To my mind it is little short of demonstration, that a great lapse of time was necessary for the production and deposition of the enormous amount of mud-like matter forming the Pampas; nor should I have noticed the theory of a debacle, had it not been adduced by a naturalist so eminent as M. d’Orbigny. (p. 98.)

Though Darwin and d’Orbigny disagreed on the big things, theirs was still a productive relationship (despite how much the Frenchman’s beliefs got under the Englishman’s skin).  In the same volume on the geology of South America, Darwin praised d’Orbigny and thanked him for the work he had done on some of the Andean specimens Darwin had collected during the Beagle voyage.

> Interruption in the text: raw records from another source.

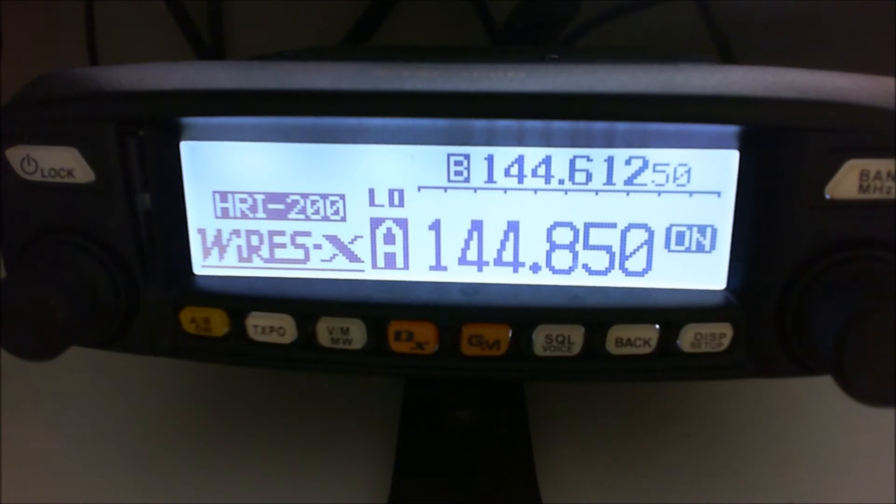You need the second radio. The node radio, as you can see, is on 144.850, which is my gateway frequency. Currently I have a user who is taking it into the American Link, and he's basically just sat there listening, hoping that somebody's going to talk.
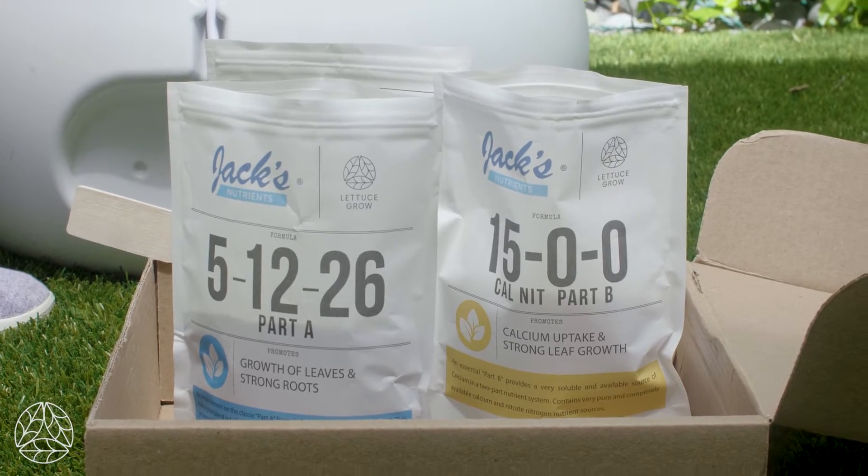These seedlings need food to sustain their growth throughout the spring and summer and all throughout the year. When you're first starting your farm stand, you're going to use nutrients A and B — four scoops each — to get them started. Throughout the year, depending on your growing season, you're going to add more scoops to make sure these plants have all the nutrients they need. Make sure to check your Lettuce Grow app and the website to see how much of each scoop to put in.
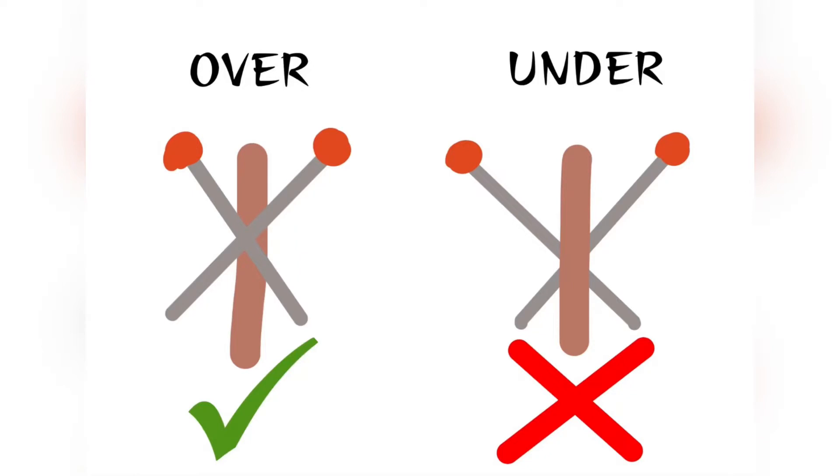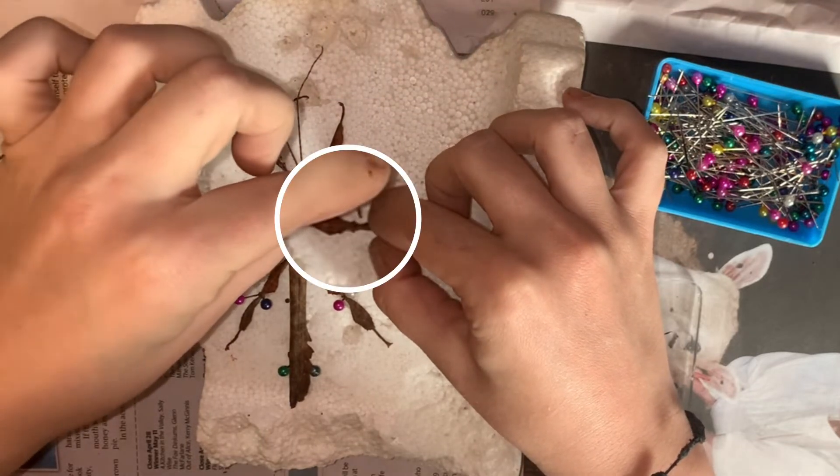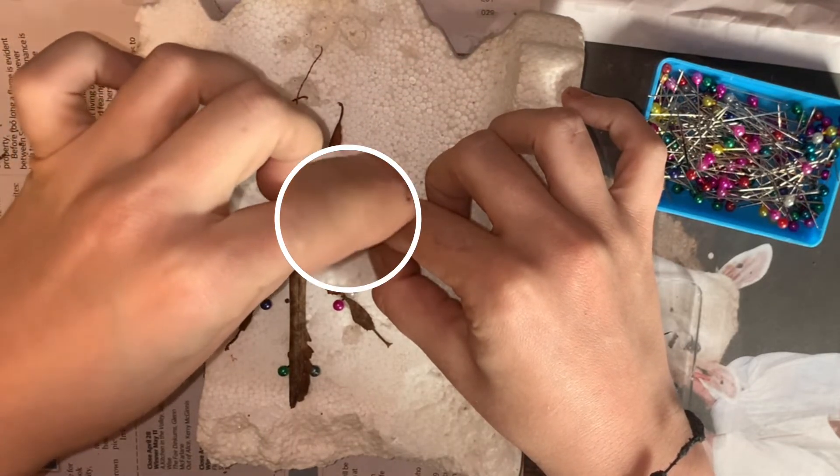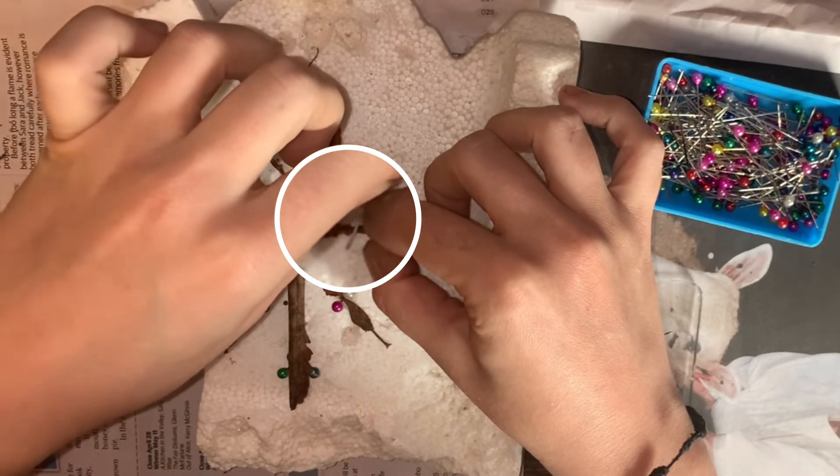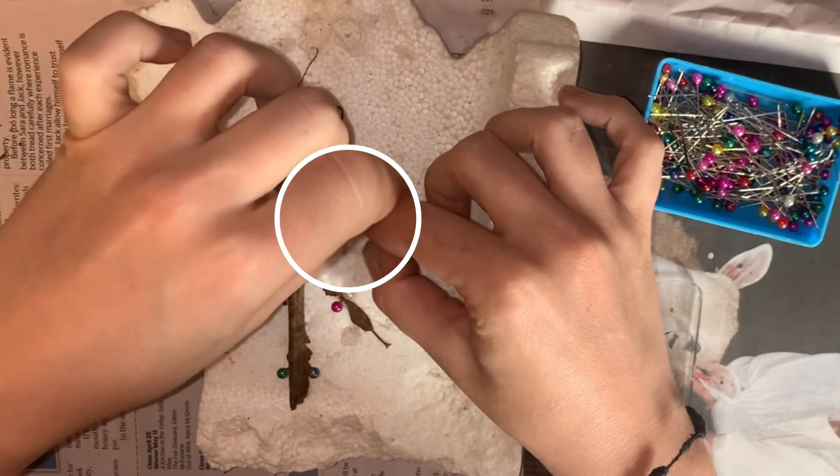For a sturdier position, cross the pins over the limbs rather than underneath. Now we can move on to the middle legs. Cross two pins over the femur and tibia joint, just like we did with the hind legs. Repeat the step for the remaining limbs.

M. Alcide d’Orbigny, in his great work on South America, having published descriptions of many fossil mollusca, I took the liberty of writing to him to request that he would be so good as to look through my collection, and to this request, he acceded in the most obliging manner:  hence every species, with M. d’Orbigny’s name attached to it, has been identified by him.  Not only did M. d’Orbigny render me this important service, but, as will be apparent in the course of this work, he has favoured me with his opinion on the age of the several groups of fossils, and on the distinctness and affinities of many of the species:  considering that I had no claim on M. d’Orbigny’s time, I cannot express too strongly my sense of his extreme kindness.  (p. iv.)

Yes, the two might not see eye to eye on the fundamental issues, but Darwin recognized d’Orbigny’s taxonomic skills and, as was his want, enlisted his expertise.

Speaking of taxonomy, there’s a taxonomic story to be told about the Anomia simplex, one of inconsistency in the sources cited as to where d’Orbigny actually named and described the shell.  But it’s de minimis in the scheme of the stories told here, better to stick to voyages of discovery.